_Exercise_: In this exercise, return the whole listing exactly, excluding any images.

_Listed records_:
____________
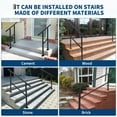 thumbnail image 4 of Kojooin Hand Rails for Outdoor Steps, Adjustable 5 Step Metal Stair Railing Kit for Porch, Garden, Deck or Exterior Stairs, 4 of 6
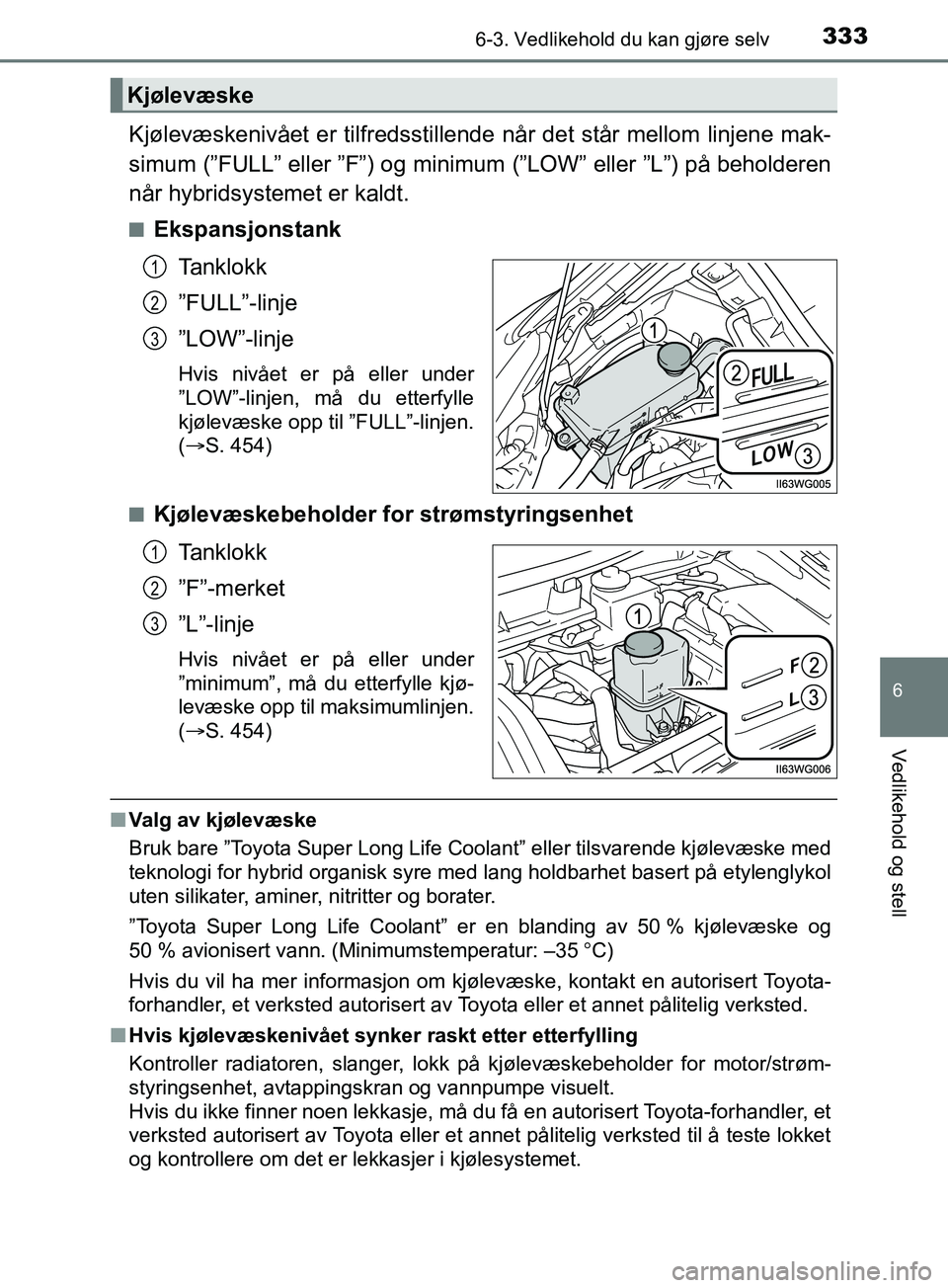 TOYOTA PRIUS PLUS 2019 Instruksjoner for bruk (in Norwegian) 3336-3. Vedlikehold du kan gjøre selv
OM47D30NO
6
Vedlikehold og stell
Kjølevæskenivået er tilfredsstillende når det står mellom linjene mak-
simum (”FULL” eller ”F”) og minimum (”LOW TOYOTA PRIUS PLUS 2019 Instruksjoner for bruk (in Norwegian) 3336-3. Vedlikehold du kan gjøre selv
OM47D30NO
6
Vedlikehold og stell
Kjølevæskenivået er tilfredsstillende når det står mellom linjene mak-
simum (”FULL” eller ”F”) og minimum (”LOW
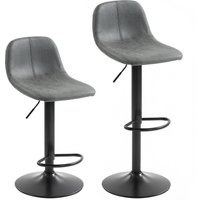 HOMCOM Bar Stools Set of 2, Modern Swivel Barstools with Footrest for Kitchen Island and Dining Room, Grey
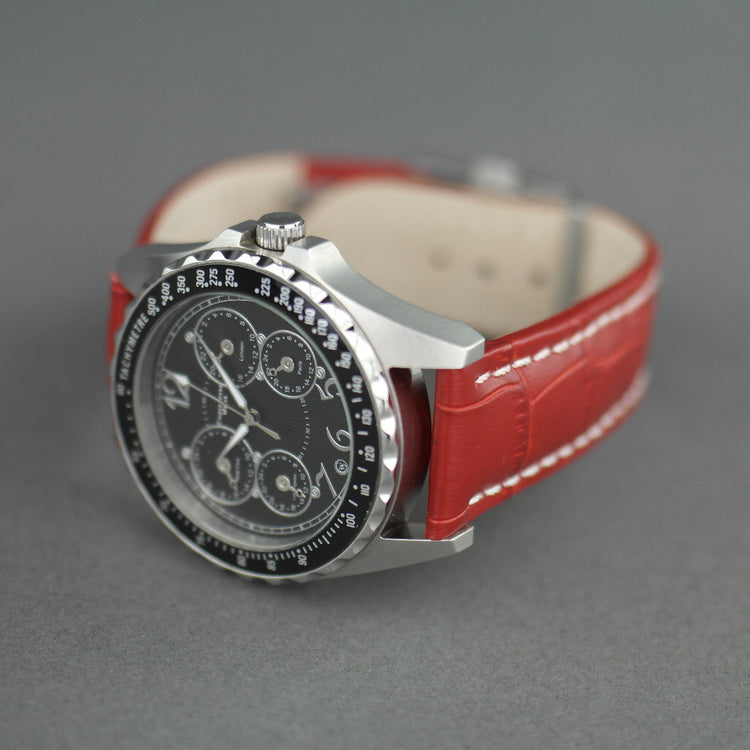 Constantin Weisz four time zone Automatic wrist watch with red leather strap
____________
_Written reply_:
 thumbnail image 4 of Kojooin Hand Rails for Outdoor Steps, Adjustable 5 Step Metal Stair Railing Kit for Porch, Garden, Deck or Exterior Stairs, 4 of 6
 TOYOTA PRIUS PLUS 2019 Instruksjoner for bruk (in Norwegian) 3336-3. Vedlikehold du kan gjøre selv
OM47D30NO
6
Vedlikehold og stell
Kjølevæskenivået er tilfredsstillende når det står mellom linjene mak-
simum (”FULL” eller ”F”) og minimum (”LOW TOYOTA PRIUS PLUS 2019 Instruksjoner for bruk (in Norwegian) 3336-3. Vedlikehold du kan gjøre selv
OM47D30NO
6
Vedlikehold og stell
Kjølevæskenivået er tilfredsstillende når det står mellom linjene mak-
simum (”FULL” eller ”F”) og minimum (”LOW
 HOMCOM Bar Stools Set of 2, Modern Swivel Barstools with Footrest for Kitchen Island and Dining Room, Grey
 Constantin Weisz four time zone Automatic wrist watch with red leather strap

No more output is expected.